The long tail is a newspaper video strategy

⚠️ This post is more than five years old. Links may rot, opinions may change, and context might be missing. Proceed with cautious optimism.

Because I just can’t stay away from this topic…

Last time we talked about this, I wrote a post shooting down anyone who says we shouldn’t shoot newspaper video unless it’s top-quality stuff we’d, more or less, centerpiece on A1.

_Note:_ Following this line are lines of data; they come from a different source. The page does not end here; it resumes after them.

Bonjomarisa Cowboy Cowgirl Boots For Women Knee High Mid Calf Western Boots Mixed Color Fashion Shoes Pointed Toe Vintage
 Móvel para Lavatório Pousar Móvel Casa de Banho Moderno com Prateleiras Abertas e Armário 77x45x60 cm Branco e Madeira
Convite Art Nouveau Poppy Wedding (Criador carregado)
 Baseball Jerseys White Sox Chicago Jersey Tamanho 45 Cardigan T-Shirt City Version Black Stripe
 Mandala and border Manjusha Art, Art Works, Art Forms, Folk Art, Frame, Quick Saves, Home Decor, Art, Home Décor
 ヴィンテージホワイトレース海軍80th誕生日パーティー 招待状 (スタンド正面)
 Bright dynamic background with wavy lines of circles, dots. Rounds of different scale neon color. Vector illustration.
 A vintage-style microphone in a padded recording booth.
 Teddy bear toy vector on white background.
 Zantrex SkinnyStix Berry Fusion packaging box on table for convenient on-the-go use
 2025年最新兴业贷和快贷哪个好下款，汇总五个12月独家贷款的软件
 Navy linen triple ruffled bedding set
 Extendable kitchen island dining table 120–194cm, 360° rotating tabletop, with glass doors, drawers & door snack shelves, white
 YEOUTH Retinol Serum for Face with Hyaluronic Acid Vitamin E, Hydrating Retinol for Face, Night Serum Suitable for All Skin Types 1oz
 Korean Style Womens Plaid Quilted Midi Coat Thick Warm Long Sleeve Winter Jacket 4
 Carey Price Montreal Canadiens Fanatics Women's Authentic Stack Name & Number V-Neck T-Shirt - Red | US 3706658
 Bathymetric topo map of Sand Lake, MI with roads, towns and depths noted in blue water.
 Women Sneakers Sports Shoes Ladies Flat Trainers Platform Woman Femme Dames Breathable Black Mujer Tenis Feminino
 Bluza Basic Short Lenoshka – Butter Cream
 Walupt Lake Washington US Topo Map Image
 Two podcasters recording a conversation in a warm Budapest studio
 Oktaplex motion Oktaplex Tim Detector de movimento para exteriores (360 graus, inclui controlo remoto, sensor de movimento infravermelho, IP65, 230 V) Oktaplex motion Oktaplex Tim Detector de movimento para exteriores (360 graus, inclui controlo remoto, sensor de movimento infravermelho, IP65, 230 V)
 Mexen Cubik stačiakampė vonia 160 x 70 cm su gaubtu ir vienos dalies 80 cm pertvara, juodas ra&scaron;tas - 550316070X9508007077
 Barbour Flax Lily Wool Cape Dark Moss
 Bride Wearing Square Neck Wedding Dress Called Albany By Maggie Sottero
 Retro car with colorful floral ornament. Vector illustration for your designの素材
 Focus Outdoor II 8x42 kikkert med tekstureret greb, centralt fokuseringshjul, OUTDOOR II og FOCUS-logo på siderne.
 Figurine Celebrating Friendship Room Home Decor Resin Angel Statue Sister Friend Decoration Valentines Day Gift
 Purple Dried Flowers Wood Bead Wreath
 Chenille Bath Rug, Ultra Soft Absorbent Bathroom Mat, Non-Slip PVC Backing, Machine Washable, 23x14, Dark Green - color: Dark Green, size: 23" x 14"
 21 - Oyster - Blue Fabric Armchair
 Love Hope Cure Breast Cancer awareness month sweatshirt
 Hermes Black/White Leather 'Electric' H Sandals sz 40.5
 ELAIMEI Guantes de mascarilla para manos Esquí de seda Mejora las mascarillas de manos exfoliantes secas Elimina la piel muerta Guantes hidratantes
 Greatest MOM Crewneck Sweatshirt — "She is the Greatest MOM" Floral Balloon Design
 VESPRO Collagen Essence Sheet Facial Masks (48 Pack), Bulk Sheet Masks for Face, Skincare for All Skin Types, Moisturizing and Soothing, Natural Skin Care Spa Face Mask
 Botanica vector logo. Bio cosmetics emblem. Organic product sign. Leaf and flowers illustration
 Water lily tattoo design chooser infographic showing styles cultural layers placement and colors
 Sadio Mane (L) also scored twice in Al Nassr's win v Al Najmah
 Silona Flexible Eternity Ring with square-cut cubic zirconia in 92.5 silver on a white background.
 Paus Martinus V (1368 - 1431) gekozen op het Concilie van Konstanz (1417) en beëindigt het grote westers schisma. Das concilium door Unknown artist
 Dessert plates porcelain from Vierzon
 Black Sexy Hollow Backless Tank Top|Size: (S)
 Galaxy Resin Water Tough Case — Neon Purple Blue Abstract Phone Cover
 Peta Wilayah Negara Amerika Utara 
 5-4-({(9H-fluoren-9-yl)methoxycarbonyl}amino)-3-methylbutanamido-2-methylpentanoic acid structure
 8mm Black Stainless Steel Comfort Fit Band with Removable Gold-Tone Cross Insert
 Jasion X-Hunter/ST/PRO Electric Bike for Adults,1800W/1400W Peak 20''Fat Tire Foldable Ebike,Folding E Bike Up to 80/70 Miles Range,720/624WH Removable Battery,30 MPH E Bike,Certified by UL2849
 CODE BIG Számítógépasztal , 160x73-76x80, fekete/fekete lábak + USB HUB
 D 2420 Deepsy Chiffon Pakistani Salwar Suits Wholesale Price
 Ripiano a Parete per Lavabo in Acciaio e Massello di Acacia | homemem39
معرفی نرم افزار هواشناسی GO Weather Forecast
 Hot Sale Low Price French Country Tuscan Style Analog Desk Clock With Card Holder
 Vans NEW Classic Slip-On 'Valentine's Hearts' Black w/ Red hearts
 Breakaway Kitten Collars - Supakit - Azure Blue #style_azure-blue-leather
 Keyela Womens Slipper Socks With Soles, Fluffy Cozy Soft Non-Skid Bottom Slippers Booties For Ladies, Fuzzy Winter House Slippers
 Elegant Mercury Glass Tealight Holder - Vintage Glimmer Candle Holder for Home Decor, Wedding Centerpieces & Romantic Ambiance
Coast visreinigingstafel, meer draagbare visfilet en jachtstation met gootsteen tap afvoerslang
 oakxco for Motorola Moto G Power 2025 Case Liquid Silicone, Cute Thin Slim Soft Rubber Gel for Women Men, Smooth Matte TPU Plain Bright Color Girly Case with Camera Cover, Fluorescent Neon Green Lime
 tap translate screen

The responses from my friends in the multimedia blogosphere who shoot stills and video for a living at mid-to-large circulation papers in major cities ranged from irrational cynicism to completely rational pleas for me to watch some high-quality documentary style video and thank expensive cameras and dedicated video shooters for their work.

And I thank them.

But do you really think a photog carrying an HD cam (even if it shoots print-quality stills) is a viable (or rational) use of resources for a small community newspaper?

Here’s the deal:

Your big documentary video shot with a $2,000 camera and embedded in a big Flash package about a big issue is wonderful big-J Journalism. And appropriate. But it’s not something a small paper should be spending its time on with any sort of regularity.

Because we have inexpensive ways to gather and distribute video in larger numbers to our readers and viewers and users in a fragmented audience, equipping a larger number of reporters with easy-to-learn, easy-to-edit point-and-shoot cameras is a logical choice that makes sense for our readers.

Frankly, the fact that this might make good business sense for our publishers doesn’t really come into play when I think about this. If more community members watch more video on our site because there is, well, more of it that has a chance of interesting them, and that happens to mean more advertising revenue for us — or our corporate parent — who am I to argue?

Looks like I buried the lede again. Blink and you missed it:

“If more community members watch more video on our site because there is, well, more of it that has a chance of interesting them … who am I to argue?”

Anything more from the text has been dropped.